Top of Data records

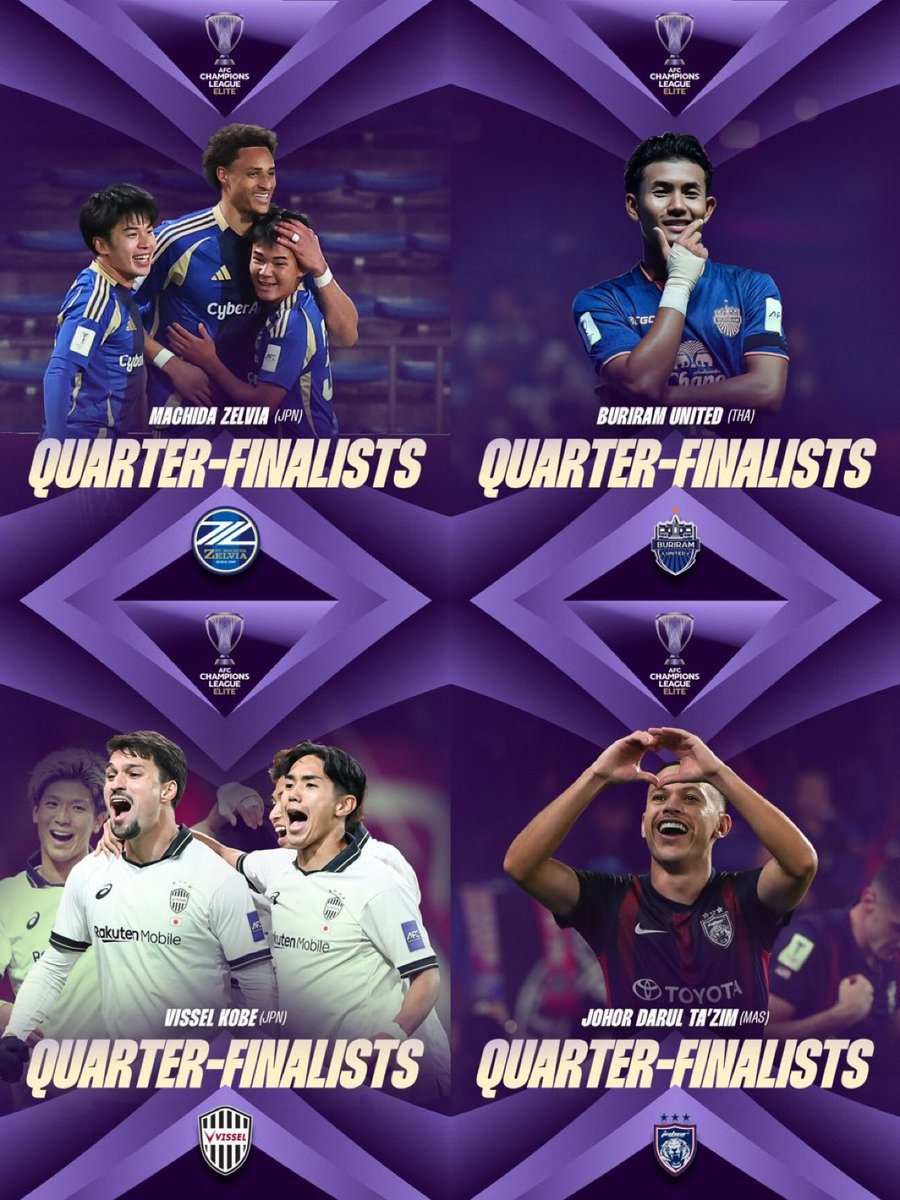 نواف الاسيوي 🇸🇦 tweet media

Bottom of Data records
Top of Data records

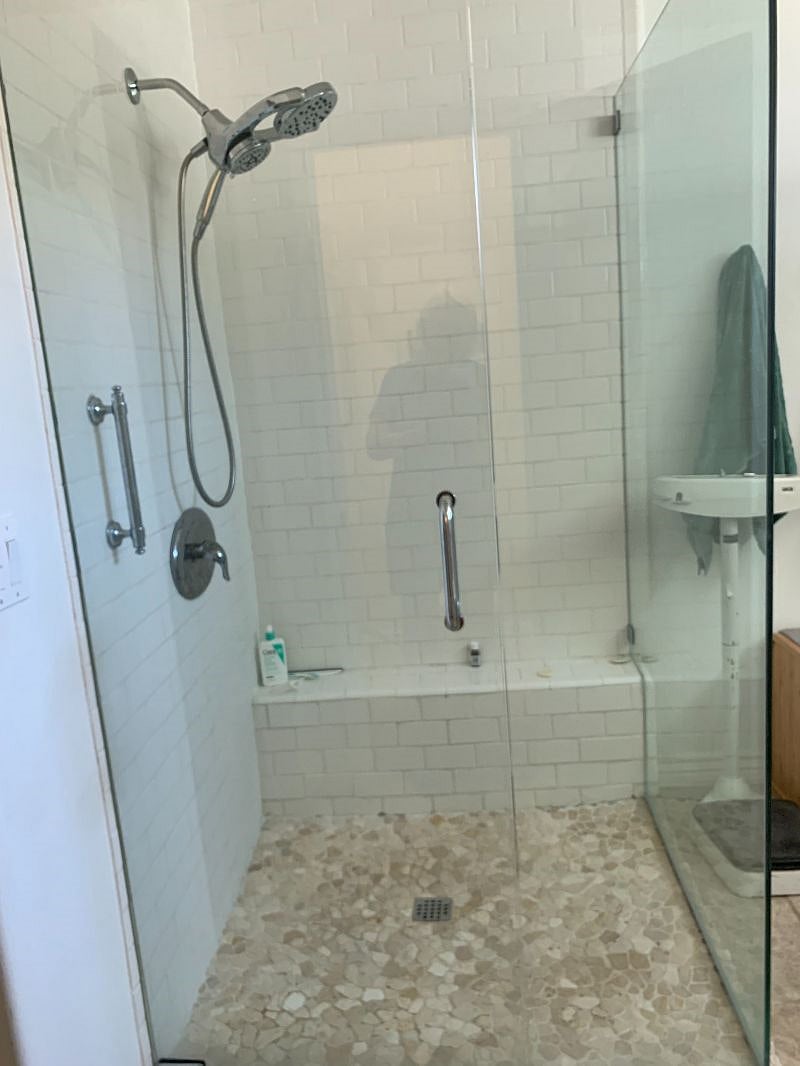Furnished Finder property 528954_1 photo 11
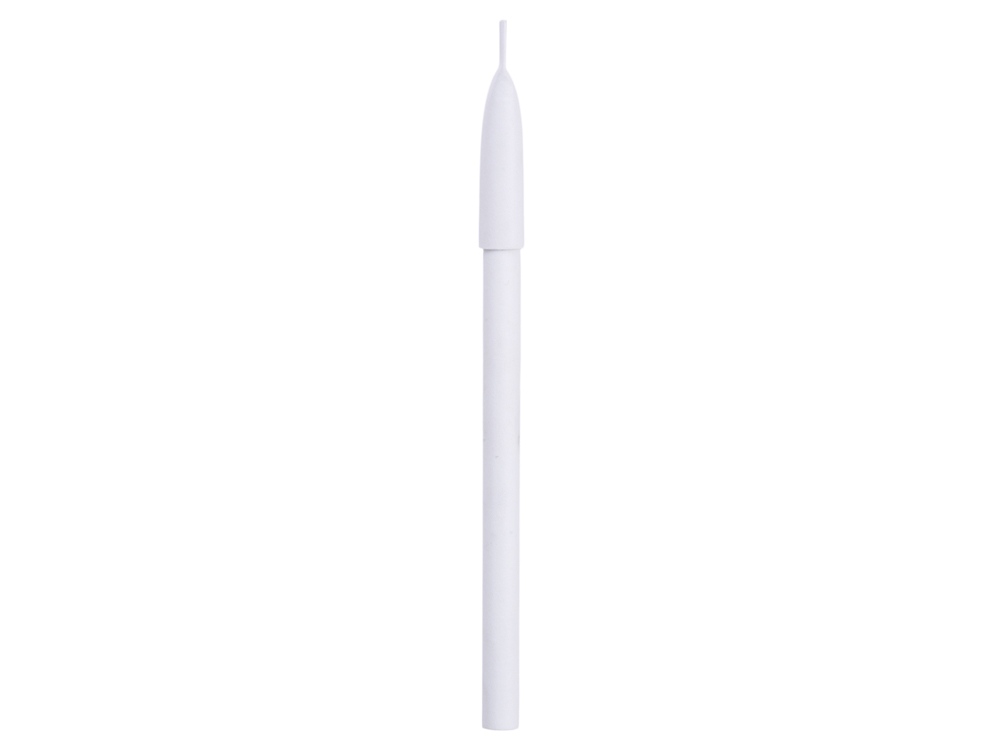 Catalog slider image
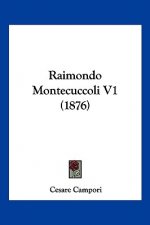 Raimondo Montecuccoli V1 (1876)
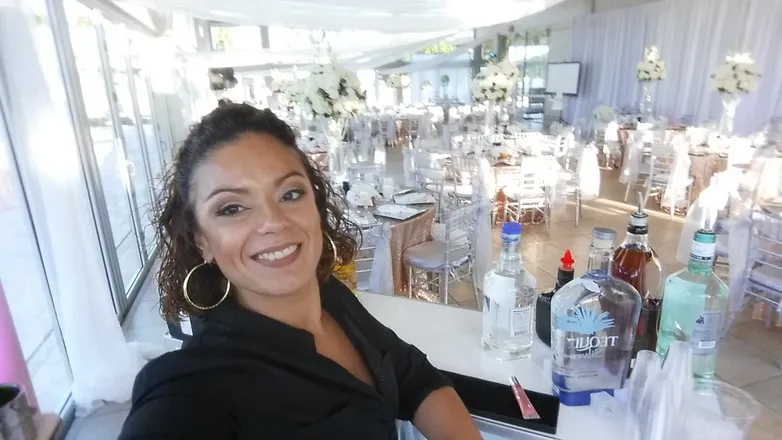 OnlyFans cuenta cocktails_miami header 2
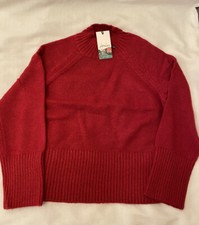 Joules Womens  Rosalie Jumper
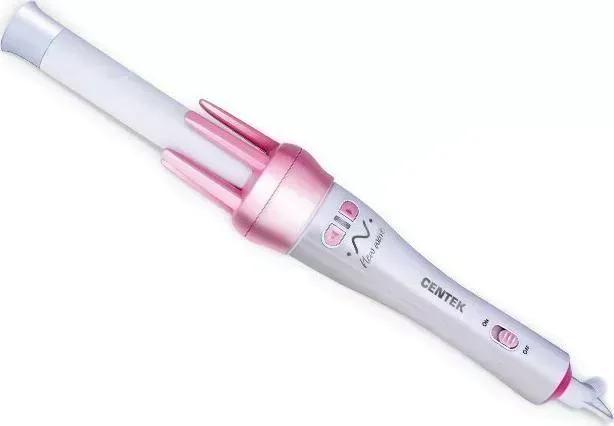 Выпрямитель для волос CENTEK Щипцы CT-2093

Bottom of Data records

[The problem] Set down, exactly as written above, each line from the one with "Furnished Finder property 528954_1 photo 11" through the one with "Выпрямитель для волос CENTEK Щипцы CT-2093", and skip the pictures.

[Task solution]
Furnished Finder property 528954_1 photo 11
 Catalog slider image
 Raimondo Montecuccoli V1 (1876)
 OnlyFans cuenta cocktails_miami header 2
 Joules Womens  Rosalie Jumper
 Выпрямитель для волос CENTEK Щипцы CT-2093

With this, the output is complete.